You are viewing a plain text version of this content. The canonical link for it is here.
Posted to user@pig.apache.org by ugo jardonnet <ug...@gmail.com> on 2011/04/26 15:11:26 UTC
TOP ordering
Hi. I am looking for a way to get the result of top ordered. Is it possible
?
Example:
A = LOAD 'datatest' USING PigStorage(';') as (first: chararray, second:
int);
D = GROUP A BY first;
topResults = FOREACH D {
result = TOP(3, 1, A);
GENERATE flatten(result); -- unordered
};
dump topResults
best,
Re: TOP ordering
Posted by ugo jardonnet <ug...@gmail.com>.
mmm
In fact TOP doesn't order results. I was looking for a way to do this from
PIG.
The problem is TOP returns a bag which cannot be ordered. And of course
after the foreach its to late.
2011/4/26 Sven Krasser <kr...@gmail.com>
> At a glance it could be this: The first field in D.A is of type chararray,
> but TOP orders based on long.
> -Sven
>
> On Tue, Apr 26, 2011 at 6:11 AM, ugo jardonnet <ugo.jardonnet@gmail.com
> >wrote:
>
> > Hi. I am looking for a way to get the result of top ordered. Is it
> possible
> > ?
> >
> > Example:
> >
> > A = LOAD 'datatest' USING PigStorage(';') as (first: chararray, second:
> > int);
> > D = GROUP A BY first;
> > topResults = FOREACH D {
> > result = TOP(3, 1, A);
> > GENERATE flatten(result); -- unordered
> > };
> > dump topResults
> >
> > best,
> >
>
>
>
> --
> http://sites.google.com/site/krasser/
>
Re: TOP ordering
Posted by Sven Krasser <kr...@gmail.com>.

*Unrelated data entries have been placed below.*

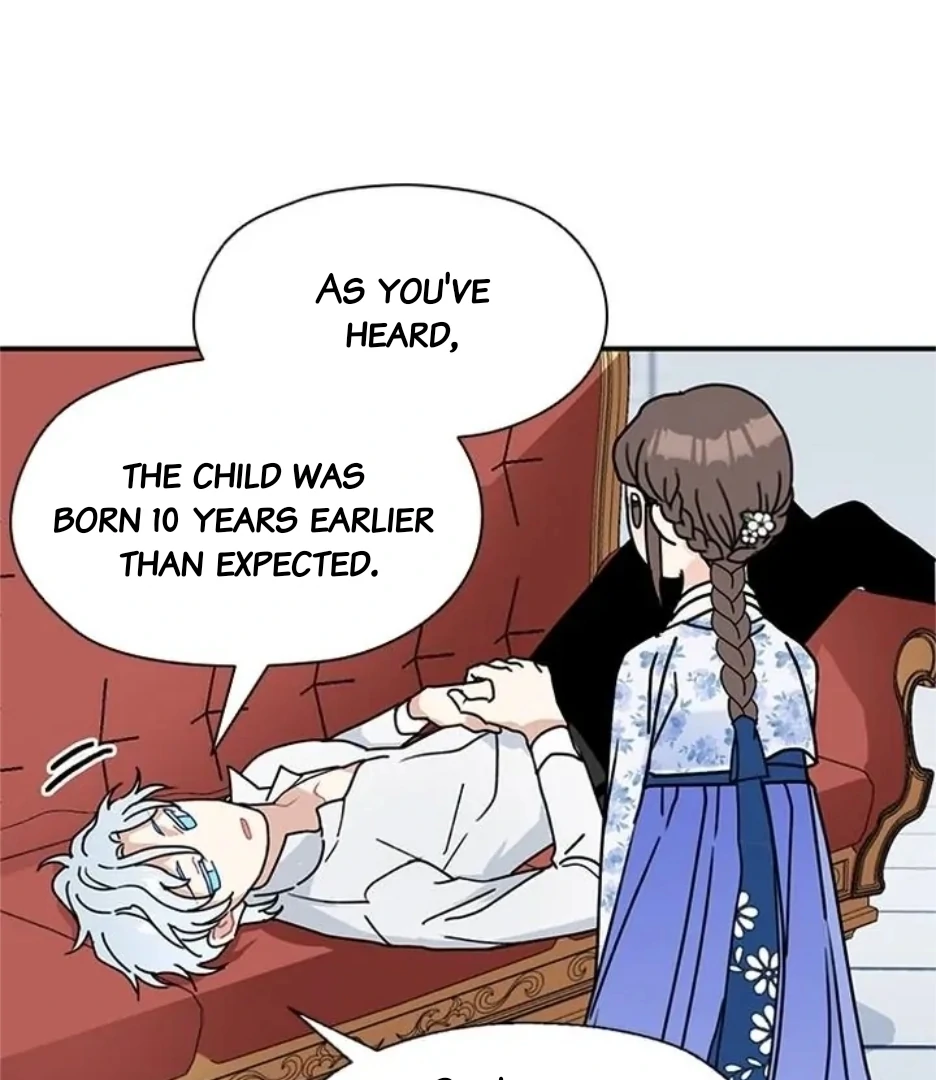 I Became The Chef Of The Dragon King Chapter 86 page 16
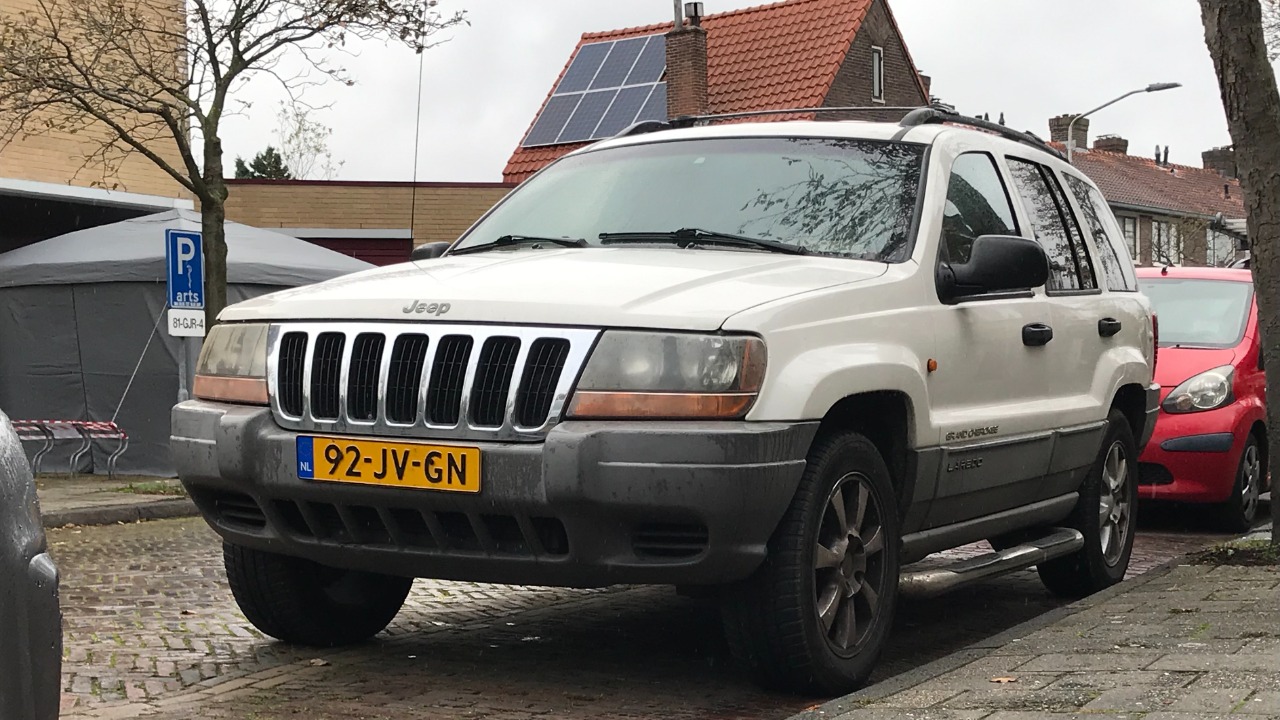 Image Credit: Rutger van der Maar - CC BY 2.0/Wiki Commons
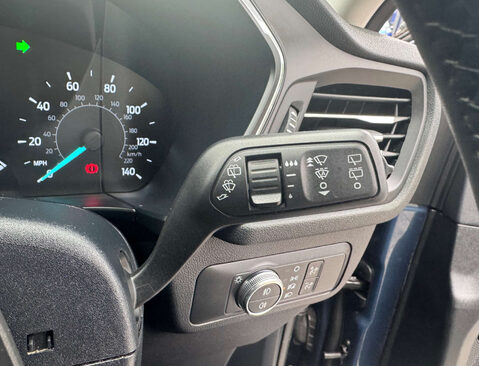 Ford Kuga 2.0 Kuga Titanium First Edition EcoBlue MHEV 5dr 33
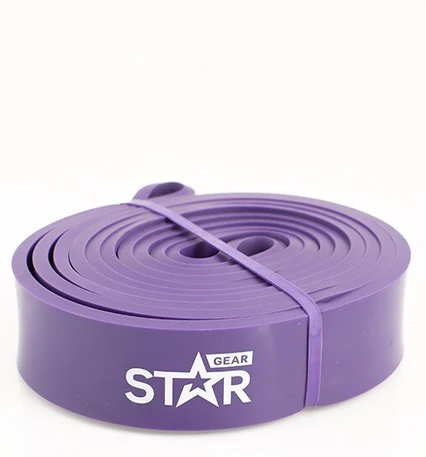 Star Gear Fitness Band - Lila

At a glance it could be this: The first field in D.A is of type chararray,
but TOP orders based on long.
-Sven
On Tue, Apr 26, 2011 at 6:11 AM, ugo jardonnet <ug...@gmail.com>wrote:
> Hi. I am looking for a way to get the result of top ordered. Is it possible
> ?
>
> Example:
>
> A = LOAD 'datatest' USING PigStorage(';') as (first: chararray, second:
> int);
> D = GROUP A BY first;
> topResults = FOREACH D {
> result = TOP(3, 1, A);
> GENERATE flatten(result); -- unordered
> };
> dump topResults
>
> best,
>
--
http://sites.google.com/site/krasser/
Re: TOP ordering
Posted by ugo jardonnet <ug...@gmail.com>.
2011/4/26 Dmitriy Ryaboy <dv...@gmail.com>
> This may be helpful in understanding what happens when you do a group-by:
> http://squarecog.wordpress.com/2010/05/11/group-operator-in-apache-pig/
>
> Thank you very Much.
> Also, are you sure TOP doesn't give you items in order? It's a bag, but the
> implementation is such that flattening it should give you things in proper
> order (I think -- haven't tried).
>
>
I took a look at the implementation of TOP. The output bag is built
iterating on a priority_queue,
which is not supposed to "returns the elements in any particular order".
Thank both of you for clearing things out about foreach.
Re: TOP ordering
Posted by Dmitriy Ryaboy <dv...@gmail.com>.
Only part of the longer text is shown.